Due to a small honest mistake, a wrong judgment in choosing of front covers, an oversight... we might be losing a good friend in the office. A comrade. One from our ranks. All over a voluntary job he decided take up, he might lose his career altogether. Over something that was blown out of proportion. It was a mistake, yes, and it was sloppy of him to miss that detail, but the consequences...is much too harsh. His fate now lies in the balance. And we can only hope that the party gunning for his suspension, for our shutdown, will take a step back. It's Ramadan for God's sake, forgive. Stop the swearing and accept the apology already.

And speaking of shutdown, as rumour has it, we might just...if people push hard enough. And that means, no pay. No salary. No anything. And it's just a few days to Raya. We have bills to pay, rent to meet, cars, and ultimately, families... A shutdown doesn't mean a free holiday. It means no money in our pockets. How to pay for travelling, for clothes, for food? We'll be celebrating Raya without a cent. Tell me how is that fair punishment for what is only theorised to be a ploy to poke at racial/religious sensitivities?

It's Ramadan. You said it yourself. Tak hormat Ramadan? Perhaps you should look in the mirror when you call out "bullsh*t" and maki us nicely.

Tuesday, August 16, 2011

Stumbling

I don't mean to stumble upon you.

But you've got me stumbling...


Worried, scared...that I'll never be everything you could have been. Terrified that my place here is only to half-fill voids. 

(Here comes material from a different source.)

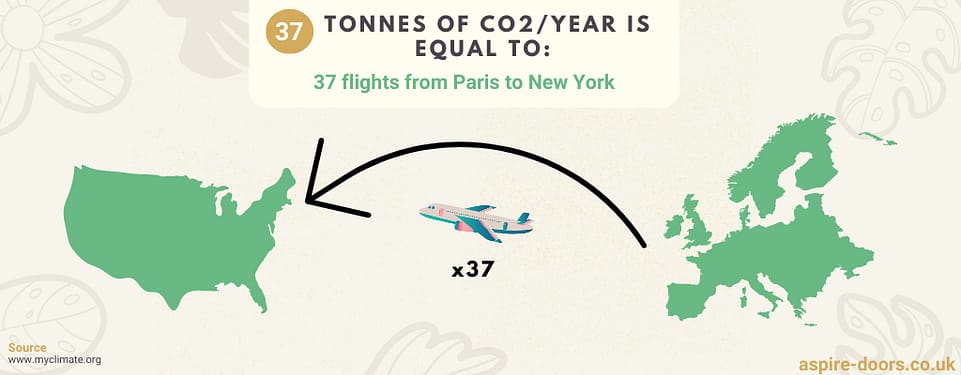 37 tonnes of Co2 is equal to 37 flights from Paris to New York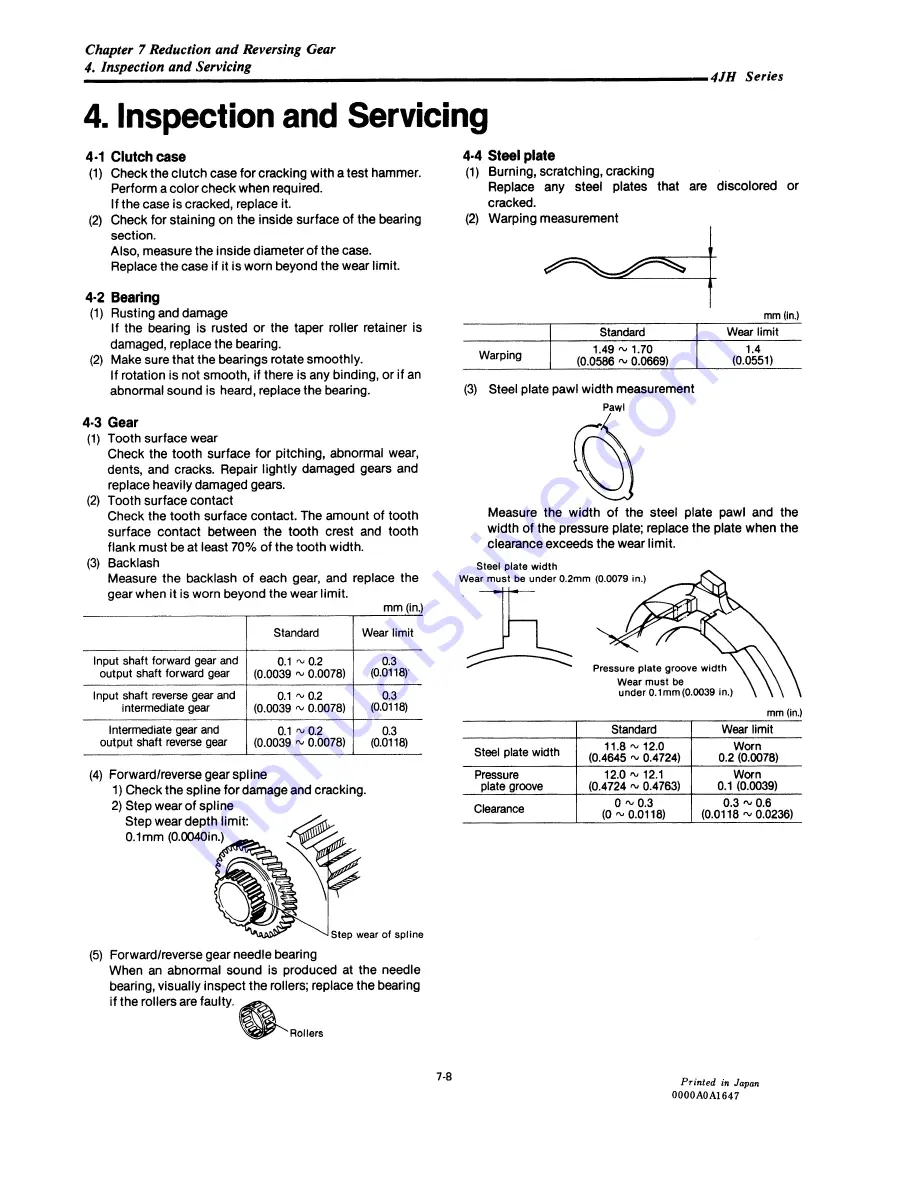 Yanmar 4JHE Service Manual Download Page 168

Ghosts are a-haunting again. Rousing with the shadow of doubt, the smell of fear. They whisper words I have long left forgotten, long thought would stay buried with the rise of dawn.

I am on a lone boat upon a harsh sea. Stumbling upon the waves. Afraid of the deep unknown. 

The shore is a long way off, and I do not want to be rescued. I'm in this for the ride. Come wind and high tide. Would you just...come row with me?

Thursday, August 04, 2011

I don't want...

I don't want to be you. Don't get me wrong, I love you. But I don't want to be you. I don't want to live your life. I don't want to be second-guessing life. I don't want to live but not live. I want to live. And I don't want your life. You are beautiful, but I don't want the life you have to live. I hope I don't make the same mistakes. I hope my luck is better than yours. I hope I can correct your wrongs with my right. I hope I can live what you couldn't.